O cinema não é indispensável à sobrevivência, mas é indelevelmente uma adjuvante á existência! Mesmo que frequentemente exerça uma influência ignóbil sob o público, conduzindo a uma interpretação unívoca e remetendo-o à passividade da singela recepção, o seu lado benigno não deixa de se sobrepor À sua índole mais deplorável. Faz de realidades distantes epicentros de preocupação, ainda que temporariamente. Exige que a perplexidade não seja efémera porque quando se vê é inaceitável que não se seja contundente. Exorta as mentes displicentes, reitera a responsabilidade individual e conjunta demonstrando que a pusilanimidade e a conspurcação são práticas diárias de dissolutos a quem confiámos as premissas do nosso destino como Mundo. Se antes seria verosímil a letargia do cidadão comum pelos obstáculos em obter a informação e posteriormente agir, agora é de todo infundada por todos os meios facultados por um desenvolvimento inaudito. Estar consciente  e informado é apenas o mínimo que se pode esperar e exigir num Mundo onde é demasiadamente fácil aceder sem se ficar pela superficialidade.

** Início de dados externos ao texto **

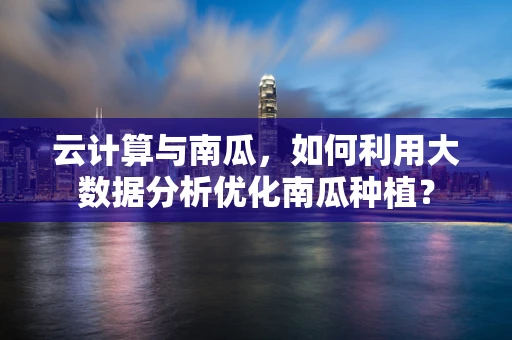 云计算与南瓜，如何利用大数据分析优化南瓜种植？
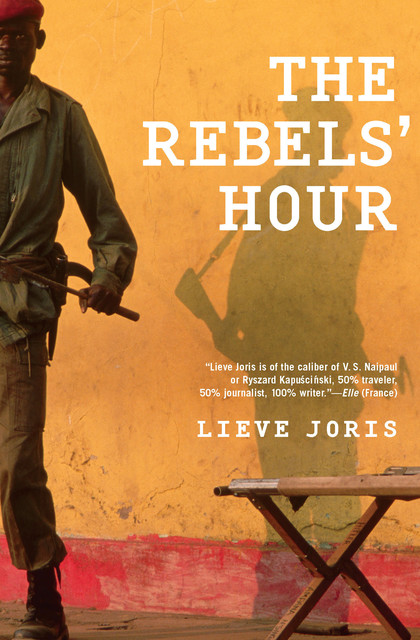 The Rebels' Hour, Lieve Joris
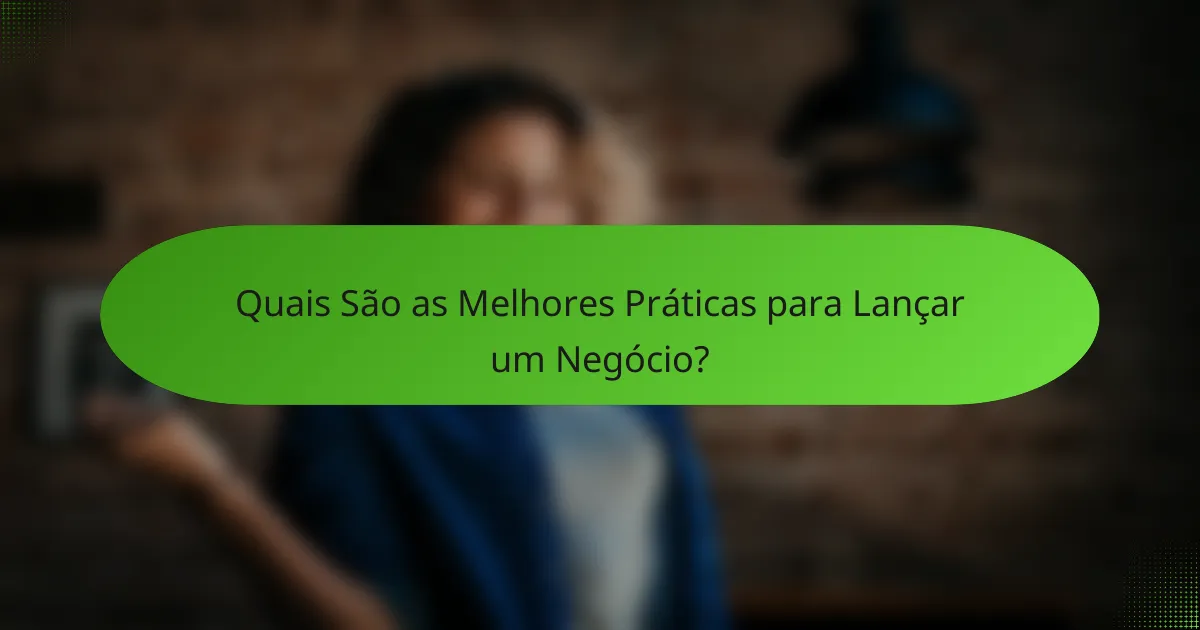 Quais São as Melhores Práticas para Lançar um Negócio?
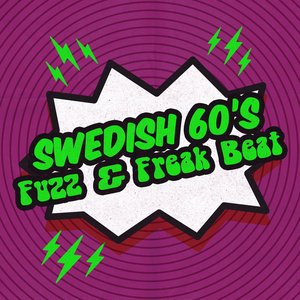 Swedish 60's Fuzz & Freak Beat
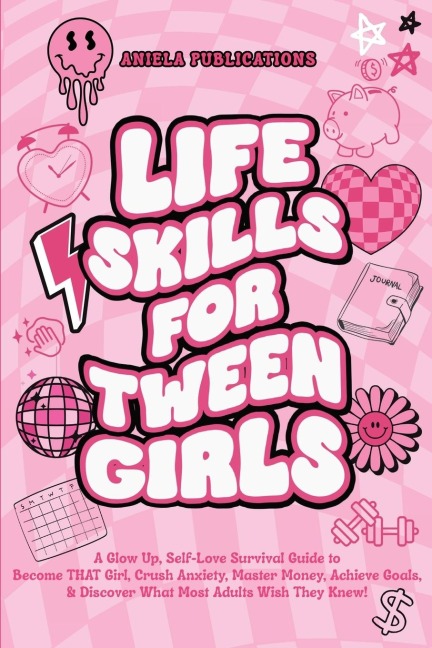 Life Skills For Tween Girls: A Glow Up, Self-Love Survival Guide to Become THAT Girl, Crush Anxiety, Master Money, Achieve Goals, & Discover What Most Adults Wish They Knew!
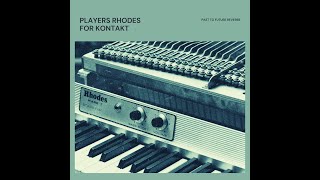 PLAYERS RHODES FOR KONTAKT! Demo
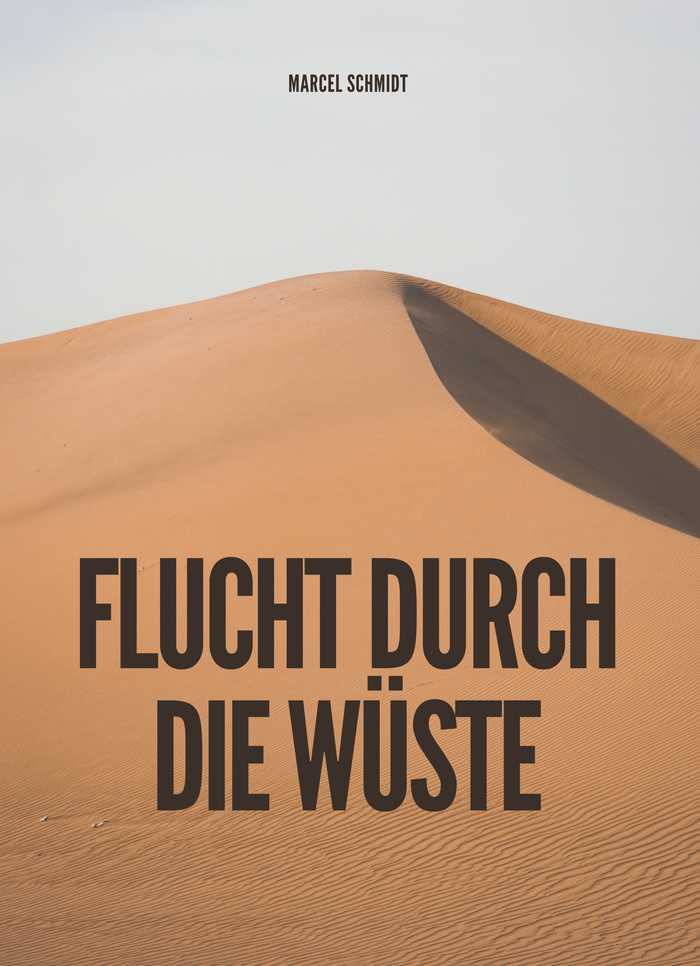 Flucht durch die Wüste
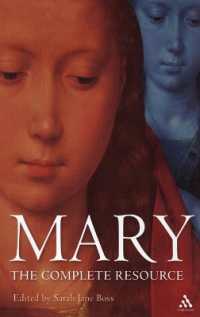 処女マリア研究資料集<br>Mary: the Complete Resource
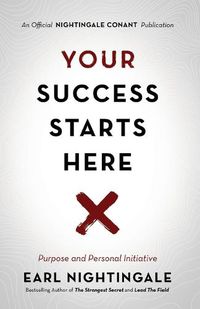 Cover image for Your Success Starts Here: Purpose and Personal Initiative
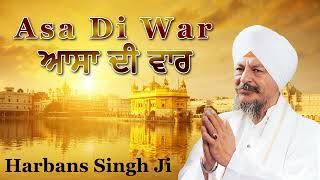 Asa Di war  ਆਸਾ ਦੀ ਵਾਰ  Bhai Harbans Singh Ji  Palco TV  Gurbani  Kirtan [upl. by Atikat350]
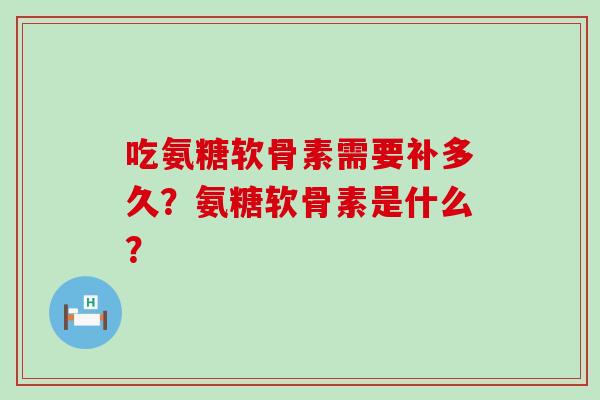 吃氨糖软骨素需要补多久？氨糖软骨素是什么？-第1张图片-氨糖科普网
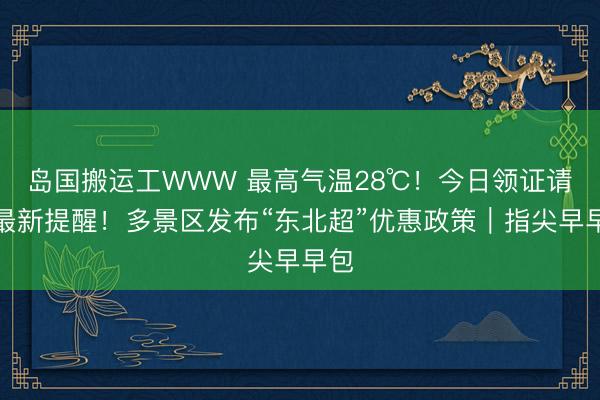 岛国搬运工WWW 最高气温28℃！今日领证请看最新提醒！多景区发布“东北超”优惠政策｜指尖早早包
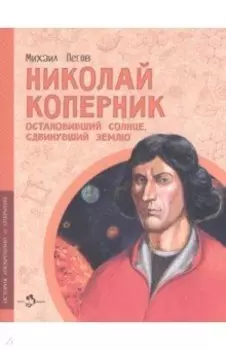 Николай Коперник. Остановивший Солнце, сдвинувший Землю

Ignorar o facto de existir uma África com um potencial incomensurável continuamente manipulada e sob a égide dos que a financiam e insistem no peixe em lugar da cana para pescar (”Blood Diamond”); ignorar como uma decisão pode mudar a nossa vida (“Dèja-vu”), não fazer a analogia da história do indígena de “Apocalypto” com cada uma de nós, onde através de uma história dos antípodas obsequiamos a teoria do “bon sauvage” do insigne Rosseau, a sociedade que corrompe o individuo, é simplesmente restringirmos tudo a um pântano de inanidade, em que nos limitamos a fazer o que é inerente ao homem porque nascemos e não porque insistimos em ser!

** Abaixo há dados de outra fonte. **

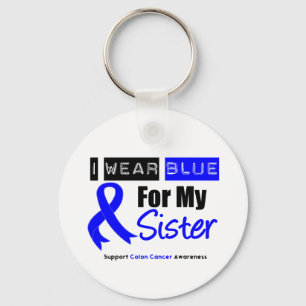 Colon Cancer I Wear Blue Ribbon For My Sister Key Ring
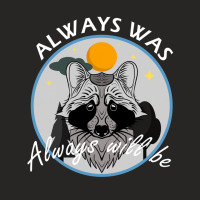 Always Was Always Will Be Ladies Fitted T-shirt | Artistshot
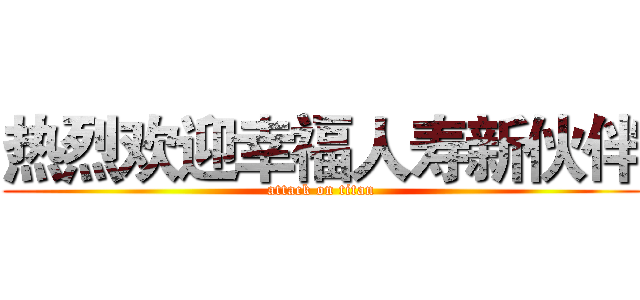 热烈欢迎幸福人寿新伙伴 (attack on titan)
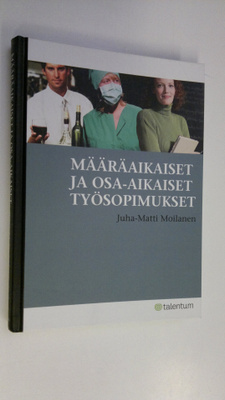 Juha-Matti Moilanen : Määräaikaiset ja osa-aikaiset työso...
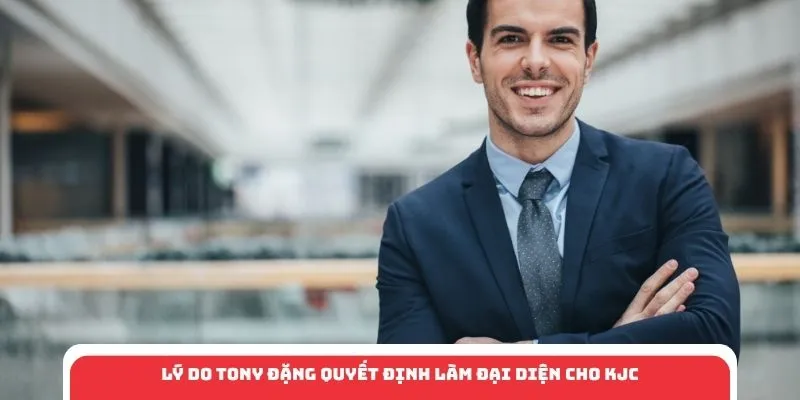 Lý do Tony Đặng quyết định làm đại diện cho KJC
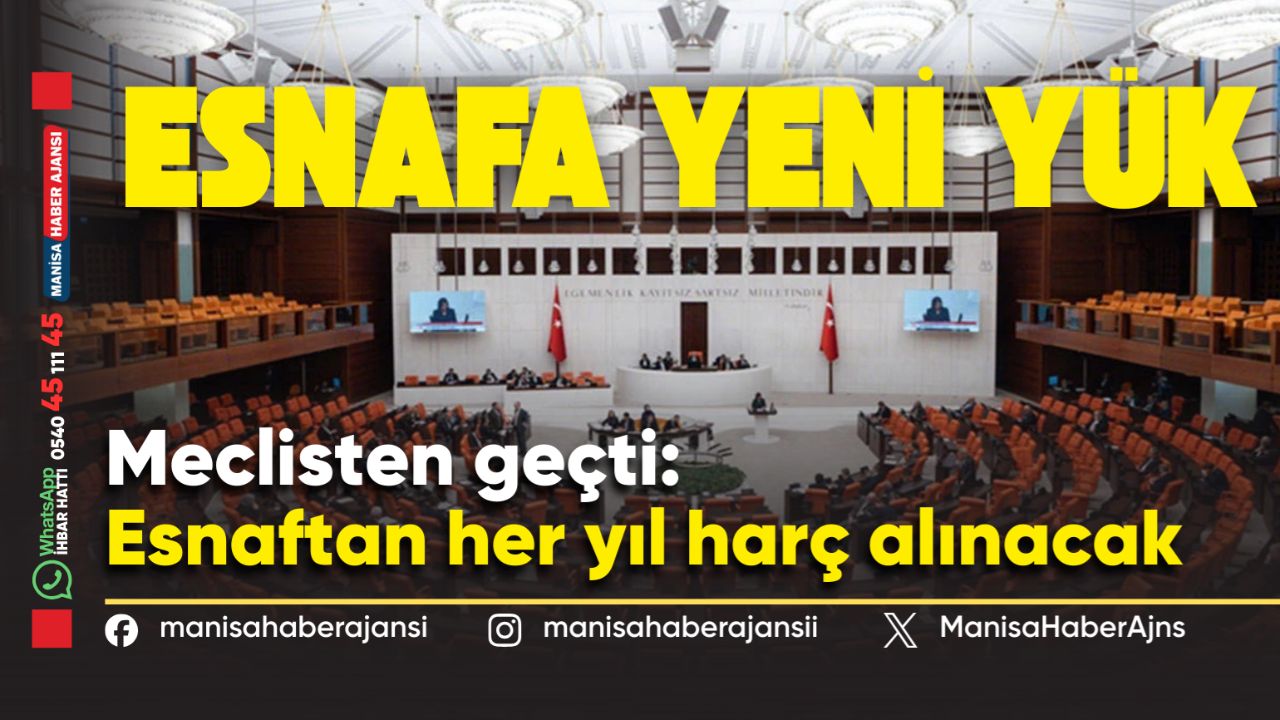 Meclisten geçti: Esnaftan her yıl harç alınacak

Assim sendo confesso que Portalegre ou melhor as pessoas de Portalegre não deixam de ser de alguma forma ambíguas. A fleuma dos compatriotas é conclusão peremptória cuja razão só pode ser uma propensão intrínseca para nos confinarmos à redoma da impossibilidade ilusória e desprezo pela velha máxima “o pior cego é aquele que não quer ver”! Ávidos de narcisismo ainda quando o egoísmo é hábito trivial não concebemos sequer a nossa culpa no protelar de muitos contextos. A imagem em conúbio com a palavra é a simbiose perfeita, informa e elucida porque ilustra.

Será que os números sintetizam um povo e uma cidade? Será que nós, os portalegrenses, nos regozijámos com a premissa errónea que cada vida é uma insignificância perante a Humanidade? Espero que este repúdio pelo cinema tenha desculpas que desconheço e que a razão não seja precisarmos de dormir descansadamente e acordar melhor com a nossa consciência, por percebermos que o peso da mesma seria insuportável se conhecêssemos e ostracizássemos.